The Role of Luck in Life Success


A recent piece in Scientific American by Scott Barry Kaufman concludes that luck plays a far greater role in life success than people realize. Kaufman makes it appear that much of the success of successful people is undeserved, but that conclusion is probably wrong. One reason I’m qualifying my critique is that Kaufman never actually defines success.

Kaufman says “luck and opportunity may play a far greater role than we ever realized,” and I’m willing to go part-way to agreeing with that, relying on the slogan that “luck is when preparation meets opportunity.” To a large extent, people make their own luck by being prepared when an opportunity arises. One thing I’ll agree with is that some people have more opportunity than others. The article mentions, for example, that the country a person lives in makes a big difference in the opportunities available to that person.

The article’s conclusions are based on results from a simulation model, and while one might question the degree to which the model’s results reflect real-world outcomes, I’ll accept the model’s results and go on to analyze real-world success, starting with financial success, which is a metric many people from President Trump to Kaufman use as an indicator of success.

In a market economy, where people make money through voluntary exchange, those who are successful deserve their success because financial compensation is received in exchange for creating value for others. If someone works hard, or just comes up with a good idea for a product that will satisfy consumer demands, that person’s compensation comes in exchange for the value that the person created for others. Could this be the result of luck? Yes, it could, for a number of reasons, but the compensation is still deserved because it reflects the value that person created, and in a market system, provides the incentive for everyone to look for ways to create value for others.

Making a lot of money may be luck in one sense, but it is not just some random element of luck, like guessing whether a tossed coin will come up heads. The luck is that the person who made the money found a way to create value for others, which is a good thing! We should reward that, and we do.
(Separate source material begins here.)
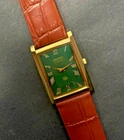 GOLD & GREEN Vintage Seiko Slim Quartz men's Wrist Watch - (FREE SHIPPING)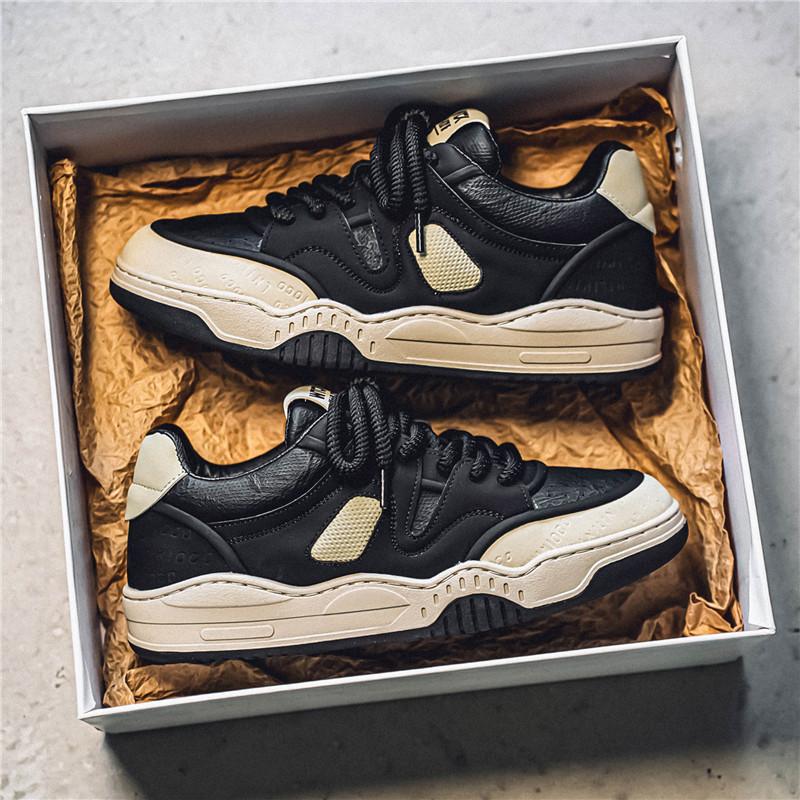 

2025 autumn new trend men s shoes retro sports and leisure board shoes fashion versatile white shoes new height-increasing shoes 44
The fate of government-planned economies shows that when the economic system does not reward people for the value they create for others, things turn out badly for everyone.

Kaufman does not deal only with financial success. He mostly deals with success in making scientific discoveries, which is fitting for Scientific American. He notes that people who have early success, perhaps as a result of luck, are more likely to get grants that enable them to do more research, but the simulation model finds that those who are most talented may not be the lucky ones who have early success, and as a result the most talented researchers fall further behind as larger grants go to those who are less talented but had early successes.

If this is true, it says something about the process by which research grants are awarded to scientists. Anyone familiar with the process does not need to be convinced that awards often do not go to those most likely to produce scientific breakthroughs. This is not the result of luck, but rather of a flawed process for financing science. Kaufman points this out directly, saying “the concentration of research funding in the hands of a so-called ‘elite’ of researchers generally produces diminishing marginal returns.”

Kaufman observes that funding for scientific research is controlled by an elite group of researchers, and that they allocate research funds to others in that elite group. They can do that because most research grants come from government, which can continue with a flawed process regardless of whether it creates value. If a business operated that way, it would go bankrupt.

When rewards are allocated that way in an economy, as a result of regulatory, tax, and subsidy benefits that government gives to the economic elite, we call that crony capitalism–a perversion of the market system. So when the article refers to the same type of perversion in the process of funding scientific research, perhaps we should call this crony science. Just as with crony capitalism, crony science is not likely to produce the greatest value for everyone.

Kaufman only discusses scientific and economic success, and in both cases misses the boat. Economic success comes from providing value for others, and is well-deserved even if it might come from luck. Scientific success, the article claims, comes from cronyism in the funding process, and we should oppose crony science funding just as we oppose crony capitalism.

Neither crony capitalism nor crony science is based on luck; it is connections that are rewarded. While one might argue that luck means having good connections, that is not what the model Kaufman uses says. In the model, luck is a random element that benefits some and, though bad luck, curses others.

Notably, although Kaufman says he is writing about “luck in life success,” he doesn’t discuss being successful in interpersonal relationships, in marriage, in raising a family, acting with integrity, helping others, and taking pride in one’s work and other activities, whatever they may be. Those things are likely more important to leading a successful life than making money and getting grants for scientific research, which is how the article measures success. Not only do I question what Kaufman says about financial success and the role of luck in the process by which scientific research grants are awarded, I question the metrics by which he measures life success.